Forget the giant risks. It is much safer and ultimately more effective to make a small decision, examine its result, and learn what you can from it. Then make another decision based on that outcome. Think of each small decision as another piece of completing a puzzle. Never pin the future of a company on one decision, action, or resource. “Go big or go home” or “playing for all the marbles” may make a good slogan, but it has no real place in business.
Here is what to do get the most out of each new opportunity:
A huge customer: Downsize expectations. Start with small sales goals. No matter how big the opportunity or how famous the brand, keep the excitement in check. While you may not want to treat them like just another customer, assume sales will build very slowly over a longer period of time.
The next employee: Be realistic. On any team, a new player can have an impact, but typically this takes time. Before hiring, find out if the prospective employee truly has demonstrated what they can do in the job. Having previous experience at a competitor or a large brand-name company may not translate to success at your business.

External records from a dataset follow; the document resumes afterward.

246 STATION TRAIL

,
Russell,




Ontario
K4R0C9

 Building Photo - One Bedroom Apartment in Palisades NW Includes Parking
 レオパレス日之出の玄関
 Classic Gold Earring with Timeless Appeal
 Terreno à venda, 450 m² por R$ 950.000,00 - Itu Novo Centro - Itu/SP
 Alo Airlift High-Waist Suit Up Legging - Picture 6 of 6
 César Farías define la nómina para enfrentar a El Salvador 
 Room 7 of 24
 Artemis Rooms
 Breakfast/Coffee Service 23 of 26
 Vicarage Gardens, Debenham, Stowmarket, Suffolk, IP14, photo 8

The next product line: What have the initial customers said about the product? How can it be rolled out to a small release to ensure it works as expected? Have these initial customers paid for the product, and what real results have they accrued as a result? Most products take time to be adapted by the marketplace. This also usually only happens when supported by a substantial marketing budget.
The next consultant: No matter how good their experience is, one person cannot make a huge impact immediately. Start the consultant with a small scoped project with stated goals. At the project’s completion, match the goal against the actual results. If the outcome is positive, do a second project and build scale from there.
The next market change: Test, test, and test. Do this before a large investment is made in project development or a big marketing expense rollout. Have you really identified a pain in the market from people who can pay to fill it? This is only demonstrated by paying repeat customers (and referrals) and not with what prospects say when you survey them. Many people will say yes when surveyed, but few will say yes when you actually ask them for money.
The next competitor: What a customer substitutes for one product is constantly changing, so it’s difficult to keep up. Know everything customers do with the same money they use to buy your products or services. Keep up to date on all these competitors, and track where they are making their largest investments. As Chinese general Sun Tzu said, “Keep your friends close and your enemies closer.”